■ What is being asked:
Report how many lines of the data contain the string "Leather". Add nothing.

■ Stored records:
***
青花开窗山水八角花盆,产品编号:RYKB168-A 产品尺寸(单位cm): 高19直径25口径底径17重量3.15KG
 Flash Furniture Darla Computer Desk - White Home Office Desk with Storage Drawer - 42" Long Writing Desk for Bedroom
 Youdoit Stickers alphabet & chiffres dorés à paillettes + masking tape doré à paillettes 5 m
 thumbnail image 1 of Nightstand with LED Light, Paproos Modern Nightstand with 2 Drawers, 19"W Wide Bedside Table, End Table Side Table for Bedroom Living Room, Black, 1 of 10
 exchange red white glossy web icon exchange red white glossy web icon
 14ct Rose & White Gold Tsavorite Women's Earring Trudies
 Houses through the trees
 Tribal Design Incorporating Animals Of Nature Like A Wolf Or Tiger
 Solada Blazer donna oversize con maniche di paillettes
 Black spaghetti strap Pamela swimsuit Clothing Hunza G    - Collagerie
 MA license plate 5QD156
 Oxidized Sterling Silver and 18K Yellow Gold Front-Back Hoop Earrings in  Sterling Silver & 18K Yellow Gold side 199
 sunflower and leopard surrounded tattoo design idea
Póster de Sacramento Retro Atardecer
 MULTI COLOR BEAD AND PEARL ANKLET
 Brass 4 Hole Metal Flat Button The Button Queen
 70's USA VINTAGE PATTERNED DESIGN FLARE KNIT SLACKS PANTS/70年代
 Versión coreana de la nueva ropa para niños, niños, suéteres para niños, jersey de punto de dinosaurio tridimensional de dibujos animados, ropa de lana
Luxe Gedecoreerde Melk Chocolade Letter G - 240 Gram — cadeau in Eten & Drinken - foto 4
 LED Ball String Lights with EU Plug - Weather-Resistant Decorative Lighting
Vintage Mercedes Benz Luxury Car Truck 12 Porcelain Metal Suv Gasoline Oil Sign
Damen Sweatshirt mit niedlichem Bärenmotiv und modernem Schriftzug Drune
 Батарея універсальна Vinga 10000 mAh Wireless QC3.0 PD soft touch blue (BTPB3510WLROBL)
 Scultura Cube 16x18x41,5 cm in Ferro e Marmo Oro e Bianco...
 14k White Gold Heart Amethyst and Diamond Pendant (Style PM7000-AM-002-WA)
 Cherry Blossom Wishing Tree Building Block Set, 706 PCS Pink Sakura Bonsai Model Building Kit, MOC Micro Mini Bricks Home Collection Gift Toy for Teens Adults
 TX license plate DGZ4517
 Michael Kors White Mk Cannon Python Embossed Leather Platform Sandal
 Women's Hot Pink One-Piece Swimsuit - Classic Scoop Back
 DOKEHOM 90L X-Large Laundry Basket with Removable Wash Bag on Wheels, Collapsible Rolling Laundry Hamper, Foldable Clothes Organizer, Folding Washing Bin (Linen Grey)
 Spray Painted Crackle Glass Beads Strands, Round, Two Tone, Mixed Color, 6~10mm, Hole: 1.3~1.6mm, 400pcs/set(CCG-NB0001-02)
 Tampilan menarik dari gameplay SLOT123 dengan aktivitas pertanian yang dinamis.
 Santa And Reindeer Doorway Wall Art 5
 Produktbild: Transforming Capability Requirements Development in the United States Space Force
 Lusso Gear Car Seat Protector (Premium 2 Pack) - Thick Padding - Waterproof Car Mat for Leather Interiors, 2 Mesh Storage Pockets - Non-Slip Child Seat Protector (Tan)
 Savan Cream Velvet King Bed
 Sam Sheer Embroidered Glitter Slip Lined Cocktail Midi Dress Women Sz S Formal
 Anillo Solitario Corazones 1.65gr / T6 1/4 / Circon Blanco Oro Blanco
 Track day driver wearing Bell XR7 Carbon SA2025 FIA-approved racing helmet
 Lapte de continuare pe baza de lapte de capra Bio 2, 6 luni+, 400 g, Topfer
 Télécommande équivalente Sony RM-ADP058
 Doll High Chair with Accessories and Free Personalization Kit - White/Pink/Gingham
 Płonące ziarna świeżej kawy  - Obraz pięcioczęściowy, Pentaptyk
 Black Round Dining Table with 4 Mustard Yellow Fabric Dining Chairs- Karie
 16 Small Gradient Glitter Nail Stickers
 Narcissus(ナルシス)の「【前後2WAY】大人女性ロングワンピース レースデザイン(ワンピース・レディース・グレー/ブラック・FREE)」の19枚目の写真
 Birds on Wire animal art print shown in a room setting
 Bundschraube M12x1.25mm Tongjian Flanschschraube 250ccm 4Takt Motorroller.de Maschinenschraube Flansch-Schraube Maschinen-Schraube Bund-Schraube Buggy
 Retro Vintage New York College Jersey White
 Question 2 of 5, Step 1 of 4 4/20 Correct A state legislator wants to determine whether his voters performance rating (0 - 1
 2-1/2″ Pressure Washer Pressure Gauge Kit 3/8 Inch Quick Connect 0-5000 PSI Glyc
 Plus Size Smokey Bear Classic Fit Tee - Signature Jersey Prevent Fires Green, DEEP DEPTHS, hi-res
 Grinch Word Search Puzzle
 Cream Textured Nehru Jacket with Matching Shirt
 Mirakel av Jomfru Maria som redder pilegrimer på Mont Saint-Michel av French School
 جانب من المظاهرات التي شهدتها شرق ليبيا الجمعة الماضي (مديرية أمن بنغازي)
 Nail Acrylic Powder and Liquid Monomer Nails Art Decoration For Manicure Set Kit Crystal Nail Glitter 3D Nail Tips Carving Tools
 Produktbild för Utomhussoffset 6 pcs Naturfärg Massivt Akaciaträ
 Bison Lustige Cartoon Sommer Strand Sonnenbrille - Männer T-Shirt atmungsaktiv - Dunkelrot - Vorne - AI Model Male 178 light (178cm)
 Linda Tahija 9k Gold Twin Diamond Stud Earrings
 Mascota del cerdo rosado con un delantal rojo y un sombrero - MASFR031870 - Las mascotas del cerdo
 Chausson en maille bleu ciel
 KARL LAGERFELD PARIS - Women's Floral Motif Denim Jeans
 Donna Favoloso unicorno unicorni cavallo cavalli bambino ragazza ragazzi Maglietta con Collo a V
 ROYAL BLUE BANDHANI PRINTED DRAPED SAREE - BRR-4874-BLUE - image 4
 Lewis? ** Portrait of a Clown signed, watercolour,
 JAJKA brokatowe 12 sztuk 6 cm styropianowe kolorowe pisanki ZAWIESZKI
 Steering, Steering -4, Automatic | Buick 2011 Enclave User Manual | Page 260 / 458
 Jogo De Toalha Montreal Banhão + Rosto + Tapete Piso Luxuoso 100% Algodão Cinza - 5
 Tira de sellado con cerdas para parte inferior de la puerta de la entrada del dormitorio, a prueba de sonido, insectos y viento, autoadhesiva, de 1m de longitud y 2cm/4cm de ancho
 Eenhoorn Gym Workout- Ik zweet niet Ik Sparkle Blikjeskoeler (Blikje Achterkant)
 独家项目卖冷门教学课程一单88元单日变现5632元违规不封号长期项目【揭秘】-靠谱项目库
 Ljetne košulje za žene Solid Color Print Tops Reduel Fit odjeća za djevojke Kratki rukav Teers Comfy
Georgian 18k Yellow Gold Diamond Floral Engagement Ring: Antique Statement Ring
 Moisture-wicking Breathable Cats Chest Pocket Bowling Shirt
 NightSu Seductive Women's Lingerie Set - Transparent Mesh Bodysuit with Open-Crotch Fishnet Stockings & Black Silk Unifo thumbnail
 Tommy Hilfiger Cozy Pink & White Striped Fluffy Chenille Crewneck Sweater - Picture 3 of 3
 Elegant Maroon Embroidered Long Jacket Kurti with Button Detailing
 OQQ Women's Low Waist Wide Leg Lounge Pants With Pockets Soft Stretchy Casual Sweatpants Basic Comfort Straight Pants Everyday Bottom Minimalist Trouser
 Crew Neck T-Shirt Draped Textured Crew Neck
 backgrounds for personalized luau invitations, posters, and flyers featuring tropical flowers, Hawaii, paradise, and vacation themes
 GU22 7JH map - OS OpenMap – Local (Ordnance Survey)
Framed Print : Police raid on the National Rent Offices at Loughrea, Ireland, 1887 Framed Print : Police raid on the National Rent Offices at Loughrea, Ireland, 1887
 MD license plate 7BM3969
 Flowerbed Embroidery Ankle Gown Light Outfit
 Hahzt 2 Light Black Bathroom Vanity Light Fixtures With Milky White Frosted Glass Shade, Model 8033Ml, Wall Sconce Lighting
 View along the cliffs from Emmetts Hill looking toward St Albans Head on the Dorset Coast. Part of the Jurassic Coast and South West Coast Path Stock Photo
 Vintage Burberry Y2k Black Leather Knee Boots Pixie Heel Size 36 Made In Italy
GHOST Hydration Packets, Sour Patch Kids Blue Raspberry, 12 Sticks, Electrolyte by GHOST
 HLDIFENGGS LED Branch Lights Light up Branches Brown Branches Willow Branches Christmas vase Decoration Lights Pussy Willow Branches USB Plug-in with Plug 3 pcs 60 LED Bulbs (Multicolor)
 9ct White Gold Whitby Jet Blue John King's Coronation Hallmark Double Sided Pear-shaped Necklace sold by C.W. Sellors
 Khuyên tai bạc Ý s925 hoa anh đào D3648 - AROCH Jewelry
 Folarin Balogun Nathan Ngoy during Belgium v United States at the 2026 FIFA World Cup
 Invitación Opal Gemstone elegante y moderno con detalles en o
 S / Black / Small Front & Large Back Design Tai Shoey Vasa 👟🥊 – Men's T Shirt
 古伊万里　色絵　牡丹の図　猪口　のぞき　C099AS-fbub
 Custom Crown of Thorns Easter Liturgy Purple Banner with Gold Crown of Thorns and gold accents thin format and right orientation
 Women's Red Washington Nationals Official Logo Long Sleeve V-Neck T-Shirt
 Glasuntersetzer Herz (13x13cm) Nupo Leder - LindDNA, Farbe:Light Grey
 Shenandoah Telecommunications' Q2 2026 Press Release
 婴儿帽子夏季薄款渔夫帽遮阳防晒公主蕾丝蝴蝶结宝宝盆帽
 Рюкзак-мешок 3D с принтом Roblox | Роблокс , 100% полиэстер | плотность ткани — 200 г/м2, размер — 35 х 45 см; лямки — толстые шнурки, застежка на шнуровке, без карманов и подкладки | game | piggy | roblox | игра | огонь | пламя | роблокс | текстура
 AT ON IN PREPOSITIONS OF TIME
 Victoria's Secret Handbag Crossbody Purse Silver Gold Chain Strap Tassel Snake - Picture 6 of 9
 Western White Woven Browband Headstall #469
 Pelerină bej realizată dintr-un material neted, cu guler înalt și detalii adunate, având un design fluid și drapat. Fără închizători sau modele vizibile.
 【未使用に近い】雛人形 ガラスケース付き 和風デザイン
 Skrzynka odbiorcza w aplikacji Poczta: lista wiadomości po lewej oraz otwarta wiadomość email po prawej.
***
■ The completed task:
3